第44話 打ち直し
「ごめんなさいね。ライアスったら加減を知らないの」
攻撃系魔法使いか回復系魔法使いかわからないが、この冒険隊の要っぽい女性が謝ってきた。
「加減を知っているから黒竜の魔石を渡したんだ。大丈夫だっただろう」
そりゃ大丈夫だったけど! 一言言えってんだよ! 凶悪な魔石は魔力を吸ってしまうんだからよ!
「まったく。伝説の鍛冶師じゃないんだから勘弁してよ。野良の錬金鋼術士には黒竜の魔石なんて滅多に、どころか一生縁のないものなんだからさ」
それがこうして出会っちゃったけど……。
「それでもどうにか出来るんだろう?」
「まあ、魔石を弄るわけじゃないからね。そうでないのならなんとか出来るさ」
鉄板を出して、箱を作ってそこに魔石を閉じ込めた。封印しないと魔力を吸われちゃうよ。
「そんで、どうする? 魔剣の打ち直しに五日。鞘に一日。調整に三日、って言ったところかな。満足出来ないならまた何日か必要になるね。待てないってんなら王都に行くことを勧めるよ」
「打ち直して、新しい鞘を作ってくれ」
一瞬の迷いもなしかい。判断が早いな。さすがはS級な冒険者だ。
「了解。バイマさん。工房の一ヶ所を借りるね」
「ああ、好きに使ってくれ。ライアーズ冒険隊が利用してくれたなら箔が付くしな」
「ありがとう。んじゃ、さっそく始めるよ」
工房の槌も借りてまずは魔剣を解析する。実家の魔剣みたく折れないからな。
まずは小さい槌で撫でるように打つ。少しずつ移動させながら音の反響を聞いていった。
そのまま徹夜してしまったが、魔剣は解析出来たし、歪みも見つけられた。やはり宇宙産なだけはあったわけだ。

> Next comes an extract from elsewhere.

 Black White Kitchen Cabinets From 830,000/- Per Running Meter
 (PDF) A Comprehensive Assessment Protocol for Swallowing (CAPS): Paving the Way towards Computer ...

まずは歪みの補正だ。槌を代えて歪みを正すために熱を加えながら何千回何万回と打つ。
なんか誰かに声を掛けられて振り向いたらマリュードさんやライアーズ冒険隊の面々がいた。
「お嬢。集中しすぎだ。二日寝てないぞ」
え? もう二日も過ぎてたの? た、確かに言われてみれば眠いし、魔力が減っているわ。
「少し休むよ」
工房の端に向かい、横になったら眠りに付いてしまった。
起きたらなぜかベッドの上にいた。なんで?
「あ、起きた」
ぼんやりしていたらジージーたちがいた。あ、お帰り。
「どのくらい眠ってた?」
「半日は目覚めなかったわよ」
半日か。かなり眠ってしまったな。もうちょっと早く目覚めれると思ったんだけどな~。魔光炉に集中してたのが悪かったかな?
「食べるものあったらもらえる? 今なら石でも食えそうだよ」
魔力が空に近い。しっかり食わないと死んでしまうわ、ボク。
「起きたら食べれるようにって女将さんが用意しててくれたから持って来るよ」
ロレンソが部屋を出て行き、たくさんの料理を運んで来てくれた。いただきまぁ~す!